Пришепетывание тут совсем не причем. — Я никогда не пришепетывал, а всегда говорил «лутче», ибо у нас все так говорили — и в семье, и на дворе, и в деревне, где пели:
Лутче жити без заботы, Чем богатому ходить!
— «Толстой букву г в большинстве случаев произносил как легкое французское аш…»
Но я, в силу вышеуказанной причины, даже и после шестилетней жизни во Франции, говорю: Господи почти как Хосподи.
— «Толстой употреблял такие выражения, как намедни, давеча, эдакой вместо этакий, свита вместо армяк; Толстой говорил скрипка вместо скрипка, скородить вместо боронить, делал ударение на втором слоге с конца в слове до смерти…»
И опять я только усмехаюсь: но мы все и всегда так говорили!
Кстати, вообще о языке этой нашей местности. Конечно, не мешает помнить столь затрепанное замечание Пушкина о языке московских просвирен. А не лучше ли все-таки был наш язык? Ведь к нам слали из Москвы (для защиты от набегов татар) служилых людей со всех концов России. Не естественно ли, что тут-то и должен был образоваться необыкновенно богатый, богатейший язык? Он, по-моему, и образовался.
Записная книжка (о революционных годах в России)*
«Кооперативная заря». Кто поверит, что был и такой журнал? А ведь был, был.
* * *
В память совместного сиденья в Таганской тюрьме за подписание Выборгского воззвания один знаменитый кадет подарил другому, еще более знаменитому, серебряную пепельницу в виде тюремной параши: вспоминай, мол, и гордись.
* * *
А. А. Б. Рассказывал мне, как захватил он в славные и приснопамятные февральские дни министерство финансов:
— Очень великолепно захватил! Вижу, стоит и орет в грузовике какой-то длиннейший лохмач студент. Я его за шиворот — «чего попусту орать, надо дело делать, едем захватывать министерство финансов!» — И поехали, и захватили и даже без малейшего сопротивления со стороны противника. А вечером закатили на радостях знатный обед, собралось порядочно народу тоже из числа тех, что в этот день что-нибудь захватывали, а я и говорю им, смеясь: «Братцы, а теперь давайте новый переворот устраивать, контрреволюционный, захватывать все сначала и уже не под красным флагом, а опять под монархическим. Ей Богу, еще легче захватим!».

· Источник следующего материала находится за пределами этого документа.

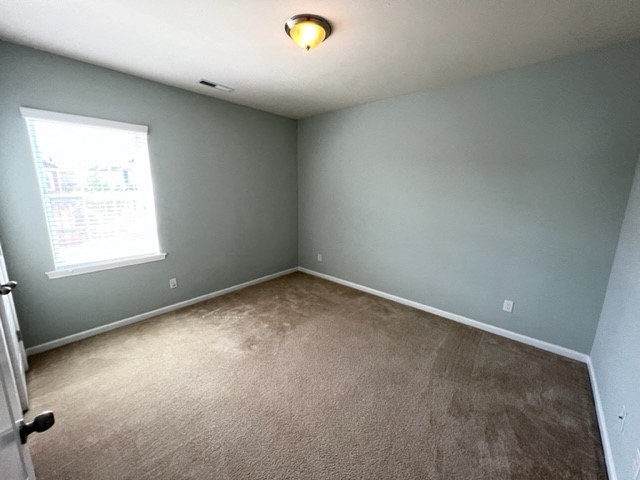 an empty blue room with a window and carpet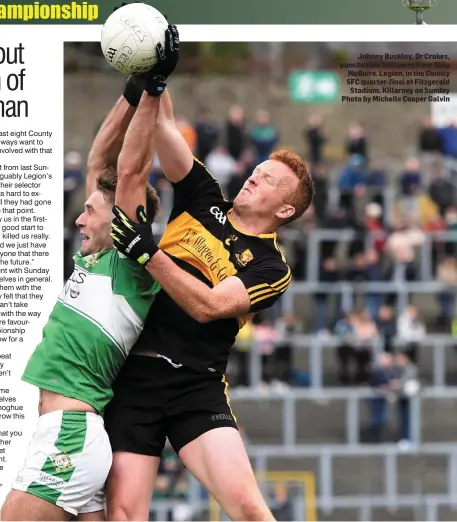  ??  ?? Johnny Buckley, Dr Crokes, punches the ball away from Billy McGuire, Legion, in the County SFC quarter-final at Fitzgerald Stadium, Killarney on Sunday Photo by Michelle Cooper Galvin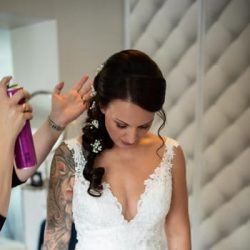 Eine Braut in einem Hochzeitskleid aus Spitze blickt nach unten, während eine Person eine Dose hält und ihr Haar besprüht. Sie trägt ein Haarteil aus Blumen und Spitze, und ihr linker Arm ist mit einer bunten Tätowierung versehen. Im Hintergrund sind gesteppte Paneele an der Wand zu sehen.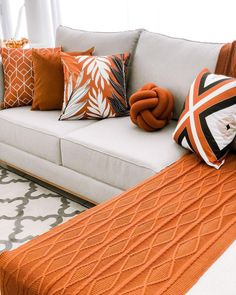 an orange and white couch with pillows on it in a living room next to a window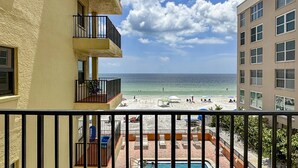 Vue depuis un balcon donnant sur une plage, avec une piscine et des chaises longues.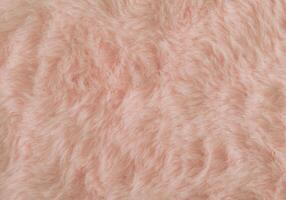 rosado laranja ou peachy Rosa falso pele fundo. fechar acima superfície lã textura. mínimo fundo conceito. na moda cor luxo layout. fofo pele plano deitar. retro moda estético ideia. cópia de espaço. foto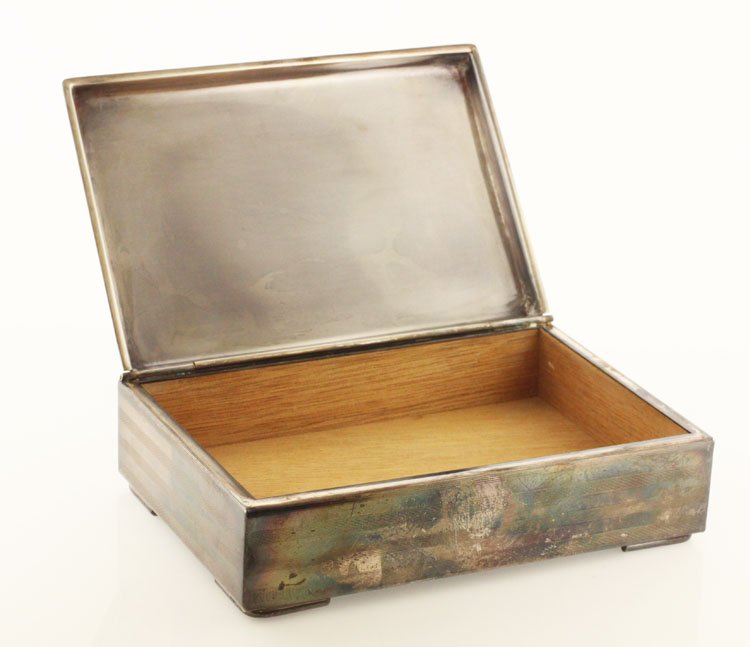 Vintage Cedar Lined Silver Plated Cigarette Box: Est. $100 - 150 Vintage Cedar Lined Silver Plated Cigarette Box Desk top style silver plated cigarette box. Cedar lined. 5 3/8 X 3 1/2 X 1 1/2 inch. No marks. Good condition.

Веселые были вообще деньки. Недаром еще и теперь некоторые «февралисты» плачут от умиления:
— Боже, какой тогда был всеобщий народный подъем, порыв к новой прекрасной жизни!
* * *
Воспоминания г. Маргулиеса о князе Кропоткине.
Казалось бы, что после того, что случилось, волосы должны встать дыбом у каждого, читающего подобные строки. Казалось бы, автор должен был бы просто кричать:
— Послушайте, послушайте, какие страшные, неправдоподобные вещи рассказываю я вам!